A Republican-led effort to repeal automatic hikes in the gas tax, based on inflation, is headed for the November ballot.
A referendum championed by the group Tank the Automatic Gas Tax Hikes seeks to overturn the incremental increases in the gas tax that would begin in January 2015. The automatic hikes were included in a law approved last year that also increased the gas tax by 3 cents, to 24 cents a gallon.
“It’s taxation without representation, plain and simple,” said Steven Aylward, the group’s chairman. “We understand that taxes and roadway repairs are necessary, but these increases shouldn’t be automatic. It’s just not fair.”

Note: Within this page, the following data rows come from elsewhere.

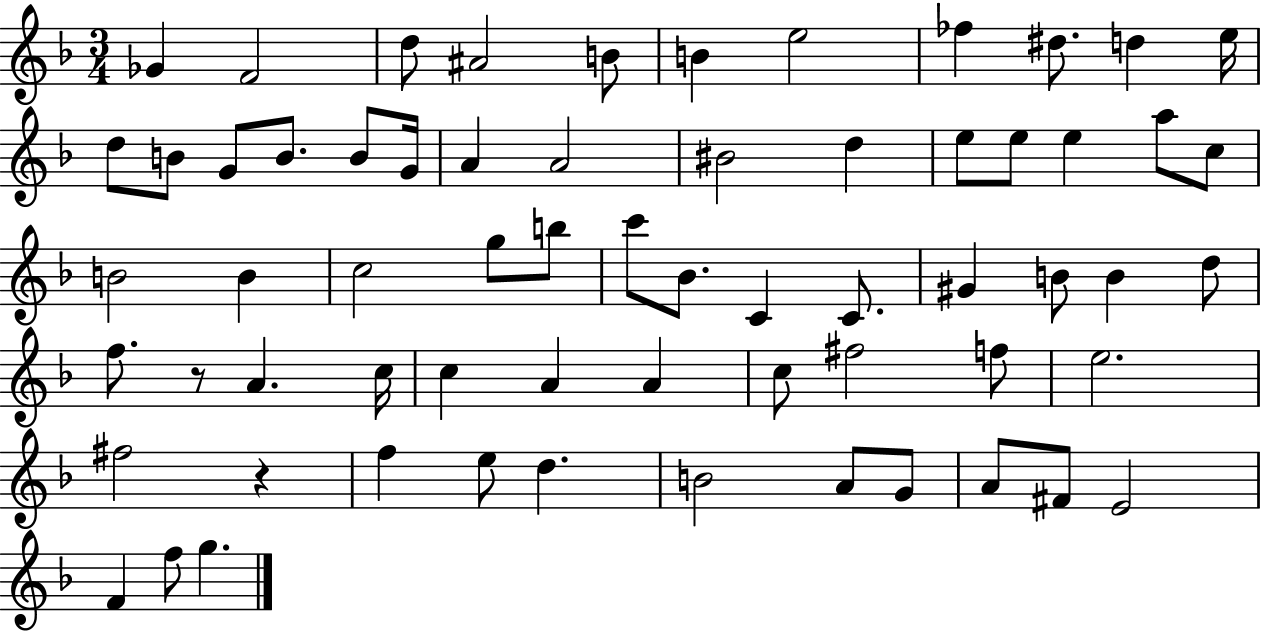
{
  \clef treble
  \numericTimeSignature
  \time 3/4
  \key f \major
  ges'4 f'2 | d''8 ais'2 b'8 | b'4 e''2 | fes''4 dis''8. d''4 e''16 | \break d''8 b'8 g'8 b'8. b'8 g'16 | a'4 a'2 | bis'2 d''4 | e''8 e''8 e''4 a''8 c''8 | \break b'2 b'4 | c''2 g''8 b''8 | c'''8 bes'8. c'4 c'8. | gis'4 b'8 b'4 d''8 | \break f''8. r8 a'4. c''16 | c''4 a'4 a'4 | c''8 fis''2 f''8 | e''2. | \break fis''2 r4 | f''4 e''8 d''4. | b'2 a'8 g'8 | a'8 fis'8 e'2 | \break f'4 f''8 g''4. | \bar "|."
}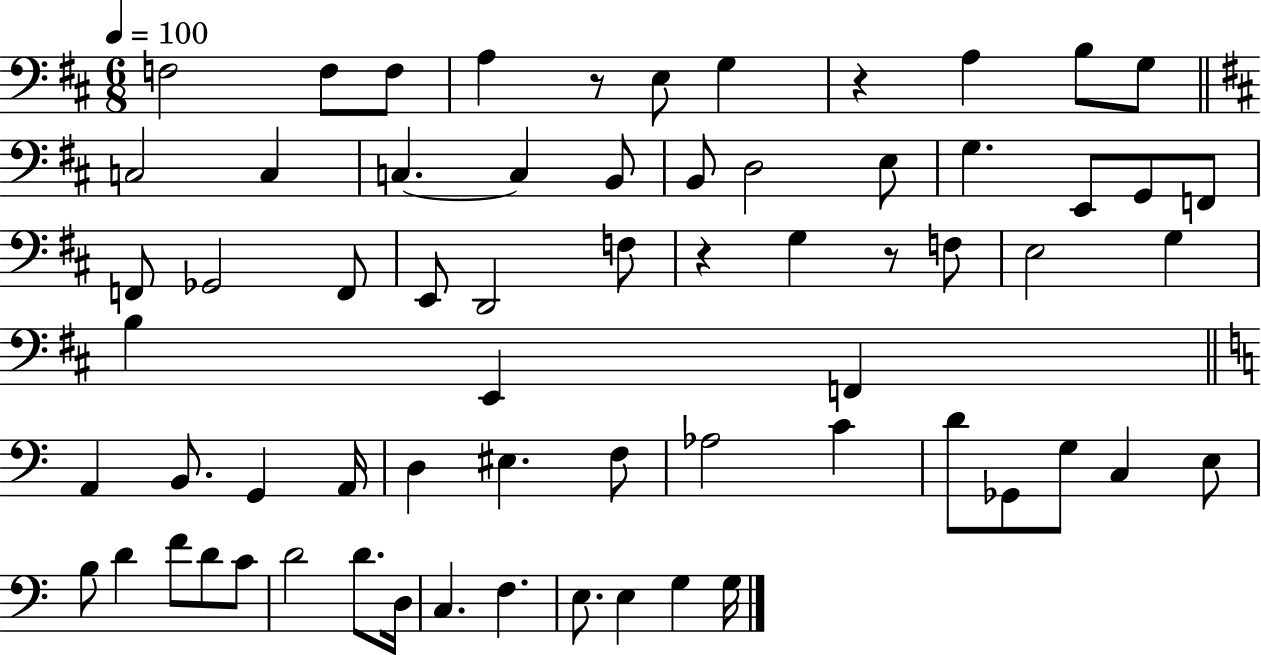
X:1
T:Untitled
M:6/8
L:1/4
K:D
F,2 F,/2 F,/2 A, z/2 E,/2 G, z A, B,/2 G,/2 C,2 C, C, C, B,,/2 B,,/2 D,2 E,/2 G, E,,/2 G,,/2 F,,/2 F,,/2 _G,,2 F,,/2 E,,/2 D,,2 F,/2 z G, z/2 F,/2 E,2 G, B, E,, F,, A,, B,,/2 G,, A,,/4 D, ^E, F,/2 _A,2 C D/2 _G,,/2 G,/2 C, E,/2 B,/2 D F/2 D/2 C/2 D2 D/2 D,/4 C, F, E,/2 E, G, G,/4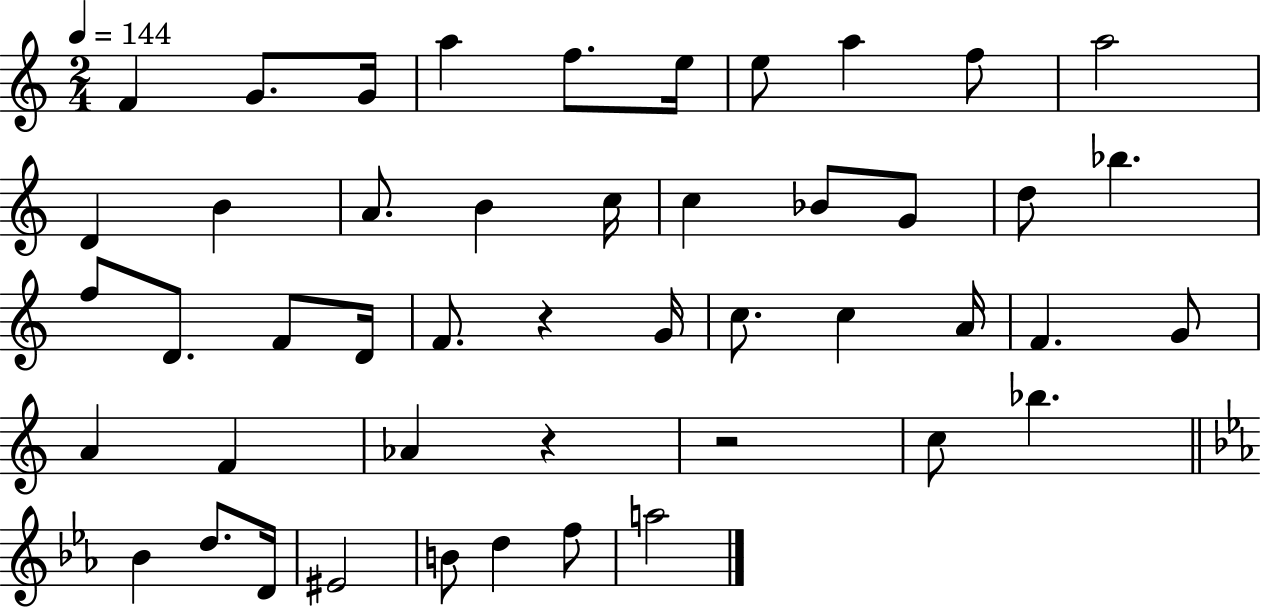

Gov. Deval Patrick and the Democratic-led Legislature pushed the gas tax increases to pay for repairs to roads and bridges. State officials estimate that pegging the gas tax to inflation would have raised $5.7 million in 2013 — a return that will grow to about $183 million in 11 years.
Aylward, a member of the Republican State Committee, said legislators often divert tax dollars that are intended for transportation needs.
“The money always finds its way into the general fund,” he said. “The state has diverted millions of dollars from transportation funds in the past, and they’ll do it again.”
On Wednesday, Aylward’s group turned in more than 24,000 signatures to city and town halls across the state — twice the 12,000 necessary to put the question to voters in November. The signatures must be certified by Secretary of State William Galvin to get on the Nov. 4 ballot.
Lawmakers who support indexing the gas tax to inflation said repealing it will have serious implications, given a budget that relies heavily on gas tax revenue to pay for road and bridge projects and other expenses.
A coalition of groups called Transportation for Massachusetts is expected to launch a major campaign to defeat the repeal referendum. The group says the increased gas tax would cost the average family only $5 a year.